DEAR ABBY: I met my husband, "Jerome," two years ago. During our courtship, he helped me to find faith. Because of that, I wanted a completely honest relationship with him and confessed to a "less than moral" experience that occurred several years before I met him. Apparently he was able to accept it, because he proposed and we have been married for several months.
Recently, however, Jerome has been saying it's bothering him and he doesn't know how to let it go. I'm angry and hurt that something that happened long ago is now causing problems in my marriage. It has made me question why I was honest with him.

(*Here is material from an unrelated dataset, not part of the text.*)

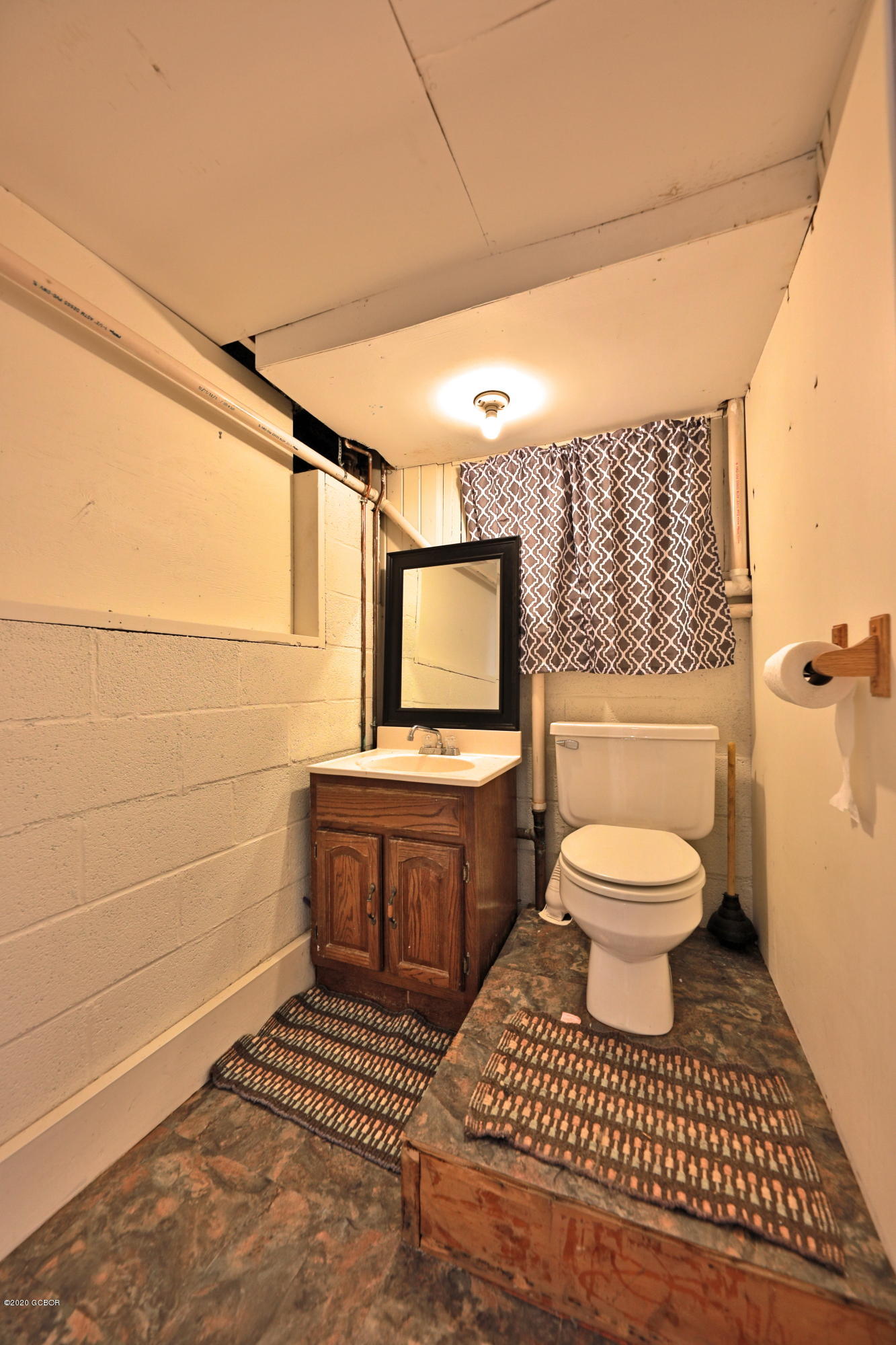 539 Kings Crossing Road Winter Park, CO 80482 - Photo 21 of 35 a bathroom with a toilet a sink and mirror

I'm afraid Jerome will never forgive me. He says he feels as though he has to compete with my past and doesn't feel he can live up to it. How do I tackle this problem? I can't change my past, I can't take back what I told him, and I can't do anything to change my husband. Please help. -- HAUNTED BY THE PAST
DEAR HAUNTED: First, stop apologizing. You are the sum total of all your experiences, and that's the woman he married. Tell your husband you will not accept anything less than marriage counseling now. He knows about your "experience" because you leveled with him. Make it clear that this isn't a contest, and he's all you want in a man. If he can't accept it, there is no basis for a marriage, and frankly, little hope for a future together.
DEAR ABBY: I have been invited to a wedding. The invitation included explicit instructions on what is appropriate attire. Ladies are "not to wear anything tight or revealing, or that doesn't cover chest, back, knees and shoulders." One of my friends said she wouldn't go to such a wedding. Another said, "I don't own anything that meets their dress code."

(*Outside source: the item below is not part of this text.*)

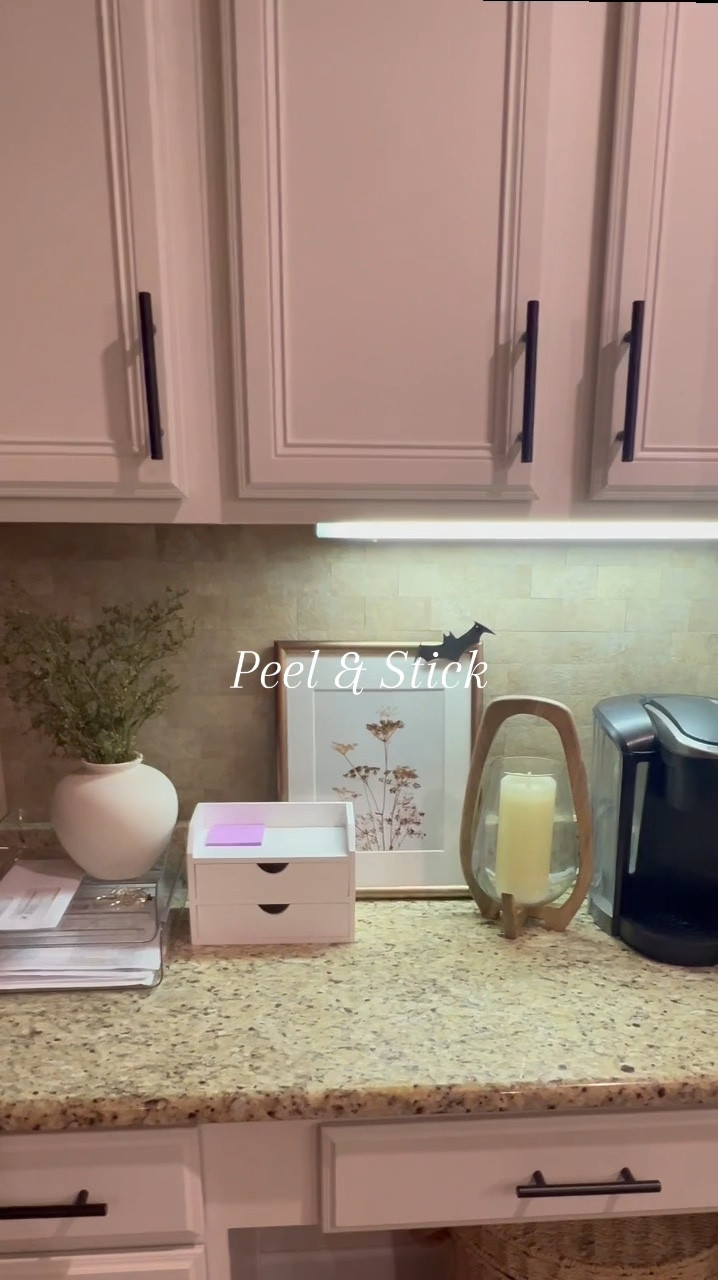I can’t believe how easy this peel and stick backsplash ended up being for my kitchen desk drop zone project. It simply adds a pretty put together look for this otherwise messy area that often gets slammed with mail, bills, and household goods. The material is easy to cut and customize to work around edges and outlets. 

#LTKVideo #LTKHome #LTKFindsUnder50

We are all three mature women who have always dressed conservatively. What's your take on this? Am I right to feel insulted? -- CLOTHING-CHALLENGED IN OREGON
DEAR CLOTHING-CHALLENGED: Not necessarily. It's possible that the house of worship where the wedding will be held -- as well as the families involved -- may be conservative or orthodox, which is why the women are being asked to cover themselves. If you feel the dress code is too much of an imposition, you should politely decline the invitation.
DEAR ABBY: My granddaughter, who is 18, had a child last year. She kept the baby and dropped out of school. She is now working and has returned to school to get her GED. My husband has always loved her and helps her financially.
My problem is she has twice stolen from a fund I keep for our church. Although she is the only one who could have done it, my husband refuses to believe it. I now insist on locking everything up.
Abby, if she had asked for the money either time, her grandfather would have given it to her. I think she gets an adrenaline rush from stealing. What can I do about this? -- AT A LOSS IN SOUTH CAROLINA
DEAR AT A LOSS: Where are your granddaughter's parents? Are they aware of what has been going on? If not, please inform them because if she's stealing from you for the adrenaline rush, she is probably also doing it elsewhere. Someone needs to see that the girl receives counseling before her behavior lands her in serious trouble. And in the meantime, she should not be left alone in your home.